For Immediate Release
Change on Economy?
Canova is professor of international economic law at the Chapman University School of Law in Orange, California.
He said today: "The selections of Larry Summers as chair of the
National Economic Council and Timothy Geithner as Treasury Secretary
are disappointing. Although President-elect Obama has referred to their
'sound judgment and fresh thinking,' when it came to the issue of
deregulating banks and derivatives, both Summers and Geithner have
shown very poor judgment and old thinking. Summers, as Treasury
Secretary in 1999, was shoulder to shoulder with Robert Rubin and Alan
Greenspan in sweeping aside the Glass-Steagall Act provisions from 1933
which had kept commercial banking and insurance separate from
securities and the casino economy. A year later, Summers was behind the
legislation that was signed by Bill Clinton to shield derivatives from
federal regulation.
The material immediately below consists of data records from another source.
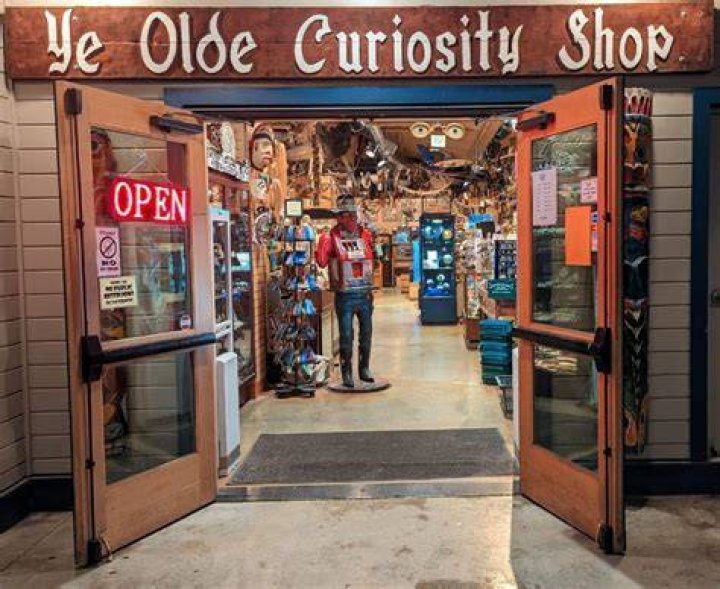 Ye Olde Curiosity Shop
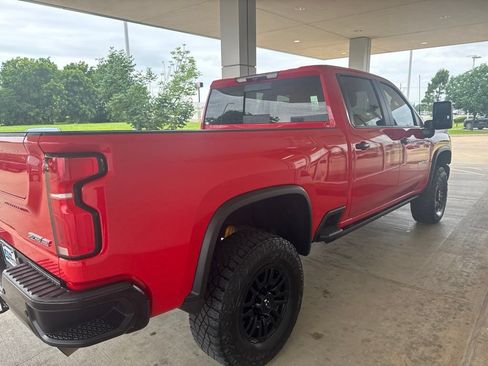 Used 2024 Chevrolet Silverado 2500 ZR2 AWD/4WD image 6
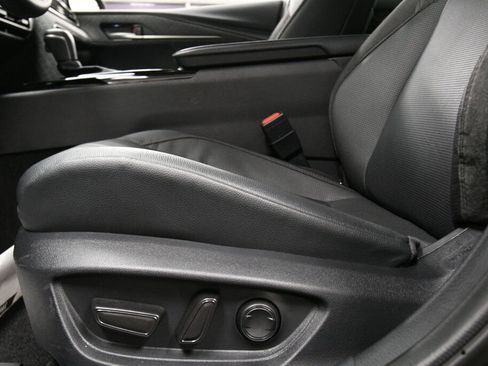 Certified 2025 Toyota Camry XLE FWD image 11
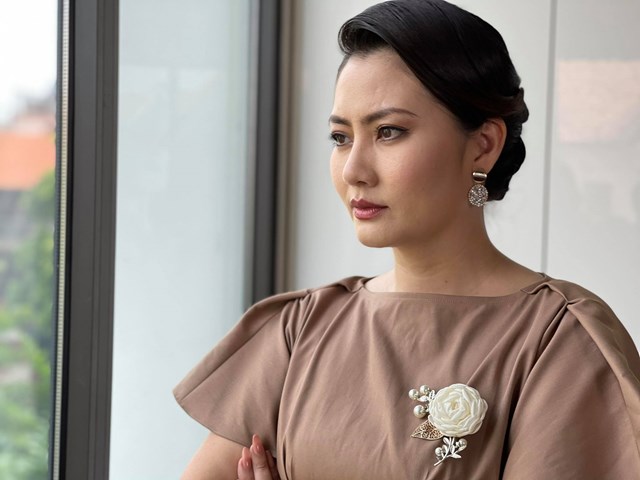 ngoc-lan-stress-voi-vai-diem-39da-nh226n-c225ch39-trong-39mat-na-guong39_3.jpg ngoc-lan-stress-voi-vai-diem-39da-nh226n-c225ch39-trong-39mat-na-guong39_3.jpg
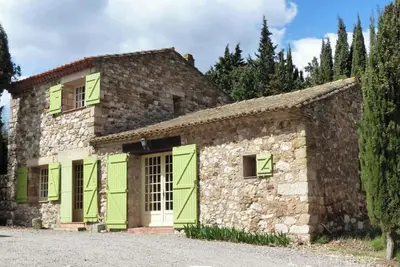 Image de Maison de charme avec piscine 10 personnes proche de la mer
What made the deregulation of derivatives
particularly outrageous was that it came on the heels of the meltdown
of the Long-Term Capital Management hedge fund because of its
speculation in the derivatives markets.
"As a result of such deregulation, the market for derivatives has
exploded in size and volatility. Credit default swaps, with a notional
value of more than $50 trillion, helped bring down AIG, an insurance
giant that has required more than $150 billion in taxpayer support. The
market for exchange rate and interest derivatives is even bigger, at
least $500 trillion in face value. What's needed is a central clearing
exchange with the authority to set capital requirements and margin
requirements for credit derivatives. Geithner, as president of the New
York Federal Reserve Bank, has been talking about such a clearinghouse
for the past two years. Six months ago, Geithner promised to have such
a clearinghouse in place by the end of this year. But there is no
evidence that there has been much action, even though Geithner has used
this time to negotiate multibillion-dollar bailouts and deals
associated with the collapse of Bear Stearns, Lehman Brothers, AIG, and
now Citigroup. Even with the kind of leverage the New York Fed has
enjoyed, Geithner has been unable, or unwilling, to impose a central
clearinghouse on derivatives. No wonder the stock market reacted
favorably to the initial news of his nomination. Perhaps Wall Street is
hoping that little will change with Geithner at Treasury.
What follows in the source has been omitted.